What do you think of Indiana’s religious freedom bill?
This week, Indiana became the latest state to sign a religious freedom bill into law. The legislation protects a private citizen’s or private business owner’s right to act according to their religious beliefs when deciding with whom to associate and do business.
Gay activists are incensed at this move, not because it targets them, but because it doesn’t. Indeed, there is no language in the bill stipulating anything one way or another in regards to gay people; it simply affirms the rights of private individuals and companies. Gay tyrants have only turned it into an “attack” on them because they demand, as per usual, special treatment and exemptions.
Despite everything they’ve ever claimed, they aren’t looking to be treated like everyone else. They want their rights enshrined in a special place, above, beyond, and transcending those of normal folk.

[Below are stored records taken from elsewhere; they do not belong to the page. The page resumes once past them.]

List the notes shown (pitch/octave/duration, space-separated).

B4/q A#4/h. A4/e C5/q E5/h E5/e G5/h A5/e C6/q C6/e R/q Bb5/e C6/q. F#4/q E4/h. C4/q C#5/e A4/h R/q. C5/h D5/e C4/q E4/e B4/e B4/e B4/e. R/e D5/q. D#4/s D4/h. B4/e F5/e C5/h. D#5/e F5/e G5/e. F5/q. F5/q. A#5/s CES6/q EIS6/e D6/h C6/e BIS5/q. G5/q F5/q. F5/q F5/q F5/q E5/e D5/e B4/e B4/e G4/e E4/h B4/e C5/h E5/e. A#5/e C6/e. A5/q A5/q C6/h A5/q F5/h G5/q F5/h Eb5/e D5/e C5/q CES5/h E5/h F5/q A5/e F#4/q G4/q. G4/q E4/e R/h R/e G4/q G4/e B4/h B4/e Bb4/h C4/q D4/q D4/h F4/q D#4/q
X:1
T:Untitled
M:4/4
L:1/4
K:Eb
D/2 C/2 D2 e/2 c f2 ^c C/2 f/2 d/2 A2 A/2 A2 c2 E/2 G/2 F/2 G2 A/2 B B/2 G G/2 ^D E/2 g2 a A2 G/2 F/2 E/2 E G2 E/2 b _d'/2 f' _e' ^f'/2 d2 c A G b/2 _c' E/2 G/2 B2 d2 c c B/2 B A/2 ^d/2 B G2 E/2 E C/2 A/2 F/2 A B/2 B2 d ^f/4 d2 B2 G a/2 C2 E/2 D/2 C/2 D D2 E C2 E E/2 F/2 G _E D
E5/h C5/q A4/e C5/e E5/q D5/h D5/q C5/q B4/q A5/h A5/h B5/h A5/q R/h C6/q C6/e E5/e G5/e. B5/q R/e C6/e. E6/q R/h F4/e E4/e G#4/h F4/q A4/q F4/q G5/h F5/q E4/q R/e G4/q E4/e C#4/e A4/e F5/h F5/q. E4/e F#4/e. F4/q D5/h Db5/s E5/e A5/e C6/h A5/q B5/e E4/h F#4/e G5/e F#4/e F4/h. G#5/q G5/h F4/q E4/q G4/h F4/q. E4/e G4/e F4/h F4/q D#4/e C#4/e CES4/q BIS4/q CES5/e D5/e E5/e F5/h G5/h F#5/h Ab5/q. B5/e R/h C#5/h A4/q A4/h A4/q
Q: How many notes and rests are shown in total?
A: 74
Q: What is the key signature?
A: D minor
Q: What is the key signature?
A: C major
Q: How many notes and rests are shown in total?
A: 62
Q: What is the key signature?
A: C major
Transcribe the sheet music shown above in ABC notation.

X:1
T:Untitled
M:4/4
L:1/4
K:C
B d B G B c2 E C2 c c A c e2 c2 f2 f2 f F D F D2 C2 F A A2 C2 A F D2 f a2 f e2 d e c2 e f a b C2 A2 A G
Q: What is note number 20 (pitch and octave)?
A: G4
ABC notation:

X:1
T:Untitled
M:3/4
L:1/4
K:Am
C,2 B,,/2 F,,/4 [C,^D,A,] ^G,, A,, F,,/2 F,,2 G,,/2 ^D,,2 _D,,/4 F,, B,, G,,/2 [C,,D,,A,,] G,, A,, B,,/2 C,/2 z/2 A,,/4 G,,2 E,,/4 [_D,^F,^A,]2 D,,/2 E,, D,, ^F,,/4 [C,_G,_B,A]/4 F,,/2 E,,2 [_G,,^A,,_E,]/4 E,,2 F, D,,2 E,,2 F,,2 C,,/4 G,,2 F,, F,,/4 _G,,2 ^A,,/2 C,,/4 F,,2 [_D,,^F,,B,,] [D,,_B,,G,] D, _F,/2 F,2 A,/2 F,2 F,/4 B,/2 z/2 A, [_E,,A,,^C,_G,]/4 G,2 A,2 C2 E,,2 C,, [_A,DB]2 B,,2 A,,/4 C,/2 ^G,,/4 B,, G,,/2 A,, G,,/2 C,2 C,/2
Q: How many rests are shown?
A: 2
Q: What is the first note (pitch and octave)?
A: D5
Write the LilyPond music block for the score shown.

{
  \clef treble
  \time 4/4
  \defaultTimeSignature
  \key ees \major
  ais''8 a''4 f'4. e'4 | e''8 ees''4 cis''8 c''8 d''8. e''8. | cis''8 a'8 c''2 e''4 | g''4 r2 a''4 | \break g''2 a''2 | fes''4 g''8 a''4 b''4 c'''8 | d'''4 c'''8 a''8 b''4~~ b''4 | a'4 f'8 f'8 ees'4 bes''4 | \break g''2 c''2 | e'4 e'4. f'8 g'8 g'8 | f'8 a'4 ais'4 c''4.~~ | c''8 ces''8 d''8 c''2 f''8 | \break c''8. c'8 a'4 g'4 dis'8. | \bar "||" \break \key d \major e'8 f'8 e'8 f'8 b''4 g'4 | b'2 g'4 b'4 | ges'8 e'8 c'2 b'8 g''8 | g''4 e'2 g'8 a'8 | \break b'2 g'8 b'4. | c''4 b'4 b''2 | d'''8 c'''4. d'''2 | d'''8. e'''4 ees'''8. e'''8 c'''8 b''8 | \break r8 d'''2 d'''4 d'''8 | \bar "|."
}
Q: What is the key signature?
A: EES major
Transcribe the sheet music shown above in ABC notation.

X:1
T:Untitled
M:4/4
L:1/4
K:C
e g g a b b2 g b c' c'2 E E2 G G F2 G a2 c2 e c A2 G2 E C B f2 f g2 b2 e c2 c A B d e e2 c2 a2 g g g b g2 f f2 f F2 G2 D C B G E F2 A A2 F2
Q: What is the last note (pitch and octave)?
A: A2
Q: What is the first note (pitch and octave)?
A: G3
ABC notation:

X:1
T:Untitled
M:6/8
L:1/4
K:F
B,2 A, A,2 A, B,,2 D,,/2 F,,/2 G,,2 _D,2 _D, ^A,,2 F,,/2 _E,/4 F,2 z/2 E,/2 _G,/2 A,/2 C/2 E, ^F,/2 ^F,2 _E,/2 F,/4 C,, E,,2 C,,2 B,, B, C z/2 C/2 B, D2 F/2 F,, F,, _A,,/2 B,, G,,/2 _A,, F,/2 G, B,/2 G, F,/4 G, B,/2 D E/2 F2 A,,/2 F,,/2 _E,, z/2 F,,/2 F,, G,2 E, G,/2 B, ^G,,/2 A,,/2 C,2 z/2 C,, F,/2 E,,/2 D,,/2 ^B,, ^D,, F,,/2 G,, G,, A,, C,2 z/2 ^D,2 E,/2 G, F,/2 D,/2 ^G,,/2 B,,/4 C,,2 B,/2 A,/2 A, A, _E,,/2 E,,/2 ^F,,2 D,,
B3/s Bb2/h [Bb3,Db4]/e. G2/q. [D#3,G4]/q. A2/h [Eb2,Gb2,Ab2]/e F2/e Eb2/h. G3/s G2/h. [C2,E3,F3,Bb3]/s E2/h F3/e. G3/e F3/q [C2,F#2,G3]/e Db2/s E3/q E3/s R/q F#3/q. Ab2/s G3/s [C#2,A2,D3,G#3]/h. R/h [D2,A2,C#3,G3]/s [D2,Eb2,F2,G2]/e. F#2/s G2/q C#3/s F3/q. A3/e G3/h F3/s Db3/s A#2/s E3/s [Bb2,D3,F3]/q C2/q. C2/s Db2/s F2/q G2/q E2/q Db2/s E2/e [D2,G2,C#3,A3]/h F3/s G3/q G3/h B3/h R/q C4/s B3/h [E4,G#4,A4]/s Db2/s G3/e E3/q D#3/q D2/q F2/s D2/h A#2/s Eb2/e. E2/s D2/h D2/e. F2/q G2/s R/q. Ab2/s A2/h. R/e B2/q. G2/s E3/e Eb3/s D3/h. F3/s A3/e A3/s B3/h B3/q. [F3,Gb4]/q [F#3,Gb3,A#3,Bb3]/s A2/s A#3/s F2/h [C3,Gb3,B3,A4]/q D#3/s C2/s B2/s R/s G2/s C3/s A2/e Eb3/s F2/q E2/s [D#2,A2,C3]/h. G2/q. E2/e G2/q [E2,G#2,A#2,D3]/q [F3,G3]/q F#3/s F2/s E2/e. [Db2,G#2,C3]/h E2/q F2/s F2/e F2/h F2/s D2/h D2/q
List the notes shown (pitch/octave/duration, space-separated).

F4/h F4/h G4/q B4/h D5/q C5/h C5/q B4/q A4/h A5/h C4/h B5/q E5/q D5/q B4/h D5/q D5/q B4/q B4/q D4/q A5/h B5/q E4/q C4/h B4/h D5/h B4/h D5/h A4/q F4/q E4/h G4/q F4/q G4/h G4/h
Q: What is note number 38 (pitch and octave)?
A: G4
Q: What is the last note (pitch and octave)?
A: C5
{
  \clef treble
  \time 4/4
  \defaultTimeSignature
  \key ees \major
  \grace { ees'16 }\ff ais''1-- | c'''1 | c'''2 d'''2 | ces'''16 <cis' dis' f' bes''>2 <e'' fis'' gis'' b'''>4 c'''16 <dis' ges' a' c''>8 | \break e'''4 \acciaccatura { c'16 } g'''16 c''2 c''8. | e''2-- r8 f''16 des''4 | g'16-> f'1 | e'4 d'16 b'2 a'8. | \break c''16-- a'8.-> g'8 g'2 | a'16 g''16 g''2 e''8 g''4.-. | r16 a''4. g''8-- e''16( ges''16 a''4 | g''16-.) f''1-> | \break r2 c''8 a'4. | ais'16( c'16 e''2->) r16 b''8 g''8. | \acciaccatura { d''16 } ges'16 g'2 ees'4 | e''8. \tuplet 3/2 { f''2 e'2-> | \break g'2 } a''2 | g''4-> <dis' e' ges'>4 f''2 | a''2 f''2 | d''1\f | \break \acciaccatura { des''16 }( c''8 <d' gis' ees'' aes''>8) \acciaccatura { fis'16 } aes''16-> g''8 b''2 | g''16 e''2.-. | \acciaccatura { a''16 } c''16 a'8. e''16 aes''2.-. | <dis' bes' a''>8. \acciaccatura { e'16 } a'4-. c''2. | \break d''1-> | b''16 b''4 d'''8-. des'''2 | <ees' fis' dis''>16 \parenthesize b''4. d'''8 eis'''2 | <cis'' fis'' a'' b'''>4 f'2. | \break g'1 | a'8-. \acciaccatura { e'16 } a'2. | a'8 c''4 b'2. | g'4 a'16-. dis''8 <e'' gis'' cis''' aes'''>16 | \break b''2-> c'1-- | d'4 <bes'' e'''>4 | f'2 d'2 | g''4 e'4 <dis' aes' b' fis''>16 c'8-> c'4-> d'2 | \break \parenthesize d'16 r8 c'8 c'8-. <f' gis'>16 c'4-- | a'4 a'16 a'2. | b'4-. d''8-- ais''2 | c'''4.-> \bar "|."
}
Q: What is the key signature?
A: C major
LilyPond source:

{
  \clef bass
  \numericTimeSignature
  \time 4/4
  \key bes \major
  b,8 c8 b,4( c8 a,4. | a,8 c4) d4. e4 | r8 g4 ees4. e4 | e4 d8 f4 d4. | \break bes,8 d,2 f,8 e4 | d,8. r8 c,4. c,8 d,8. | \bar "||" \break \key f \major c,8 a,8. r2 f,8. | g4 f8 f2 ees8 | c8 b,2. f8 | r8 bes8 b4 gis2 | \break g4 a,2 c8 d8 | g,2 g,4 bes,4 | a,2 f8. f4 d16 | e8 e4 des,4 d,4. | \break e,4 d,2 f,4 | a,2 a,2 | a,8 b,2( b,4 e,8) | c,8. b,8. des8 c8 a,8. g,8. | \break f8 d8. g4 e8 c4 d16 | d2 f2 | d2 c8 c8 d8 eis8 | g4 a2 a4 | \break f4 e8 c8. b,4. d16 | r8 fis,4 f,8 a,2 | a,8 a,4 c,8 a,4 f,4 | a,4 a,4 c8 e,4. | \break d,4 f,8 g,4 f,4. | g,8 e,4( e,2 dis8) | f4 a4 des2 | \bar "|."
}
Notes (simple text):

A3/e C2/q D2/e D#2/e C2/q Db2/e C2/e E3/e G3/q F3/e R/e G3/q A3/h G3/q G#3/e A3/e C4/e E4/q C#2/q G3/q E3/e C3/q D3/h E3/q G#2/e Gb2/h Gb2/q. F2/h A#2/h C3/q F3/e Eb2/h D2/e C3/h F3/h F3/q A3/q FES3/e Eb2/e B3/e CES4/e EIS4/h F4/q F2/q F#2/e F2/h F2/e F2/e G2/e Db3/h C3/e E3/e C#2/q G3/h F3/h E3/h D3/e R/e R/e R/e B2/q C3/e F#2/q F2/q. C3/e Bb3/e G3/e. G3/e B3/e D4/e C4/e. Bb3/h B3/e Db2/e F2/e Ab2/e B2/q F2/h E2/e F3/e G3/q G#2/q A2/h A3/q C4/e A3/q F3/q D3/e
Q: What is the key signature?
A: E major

Usually, they get their way. Not in Indiana, though. And this fact has, of course, sparked the usual round of protests, boycotts, mewling, and whining, this time coming everywhere from the NCAA to a popular video game convention, to some “Christian” churches to all of these people. The mayor of San Francisco also announced a boycott of the state, and the CEO of SalesForce.com has canceled all company travel into the accursed region.
[Note: interestingly, Sales Force has put a hex on the entire bigoted state, yet they just acquired an Indiana tech company in a $2 billion deal. It seems strange to buy a company in Indiana and then ban travel to Indiana. Unless, of course, they were planning on relocating anyway, thus taking jobs away from many residents, and now they’ve latched onto this religious freedom bill as a convenient cover. Hmmm.]
In any event, all of this hysteria, and only because Indiana had the audacity to pass a law that was actually already adopted in 1791, back when it was called “The First Amendment.” I went to public school, so I never learned much about this mystical decree, but I’m told that it comes from an ancient script known in some circles as “The Constitution” — or was it “constitution”? Well, whatever you call it, supposedly it, like, had all this cool stuff in there about, you know, religious liberty and freedom of speech and stuff.